Question

Liquid sodium can be used as a heat transfer fluid in some nuclear reactors due to its high thermal conductivity and low neutron absorptivity. Its vapor pressure is 40.0 torr at 633 degree C and an enthalpy of vaporization of 1.00x10^2 kJ/mol.

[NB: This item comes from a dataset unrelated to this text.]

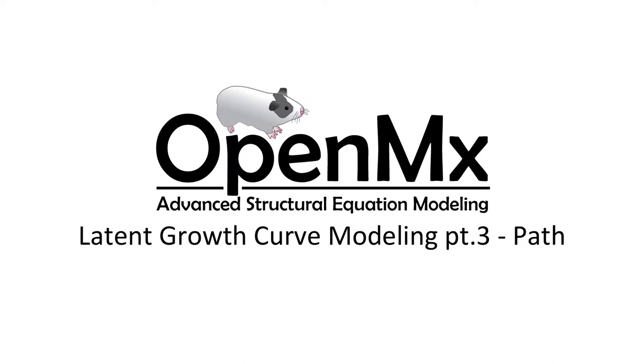Hello and welcome to the OpenMX video tutorial series. In this video we will be discussing latent basis growth curves.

To what temperature can it be heated if a maximum of 500 torr pressure is allowed in the system?

Answer 1

Answer:

1119.1 K

Explanation:

From Clausius-Clapeyron equation:

$\frac{dP}{dT}=$Δ$\frac{h_{v} }{R} (\frac{1}{T^{2} } )dT$

The equation may be integrated considering the enthalpy of vaporization constant, and its result is:

$ln(\frac{P_{2} }{P_{1} } )=-$Δ$\frac{h_{v} }{R}*(\frac{1}{T_{2} }-\frac{1}{T_{1} })$

Isolating the temperature $T_{2}$

$T_{2}=\frac{1}{\frac{-R}{dhv}*ln(\frac{P_{2} }{P_{1}}) +\frac{1}{T_{1}} }$

$T_{2}=\frac{1}{\frac{-8.314}{1.00*10^5}*ln(\frac{500}{40}) +\frac{1}{906.15}}$

$T_{2}=1119.1K$

Note: Remember to change the units of the enthalpy vaporization to J/mol; and the temperatures must be in Kelvin units.

There is a format mistake with the enthalpy of vaporization, each 'Δ' correspond to that.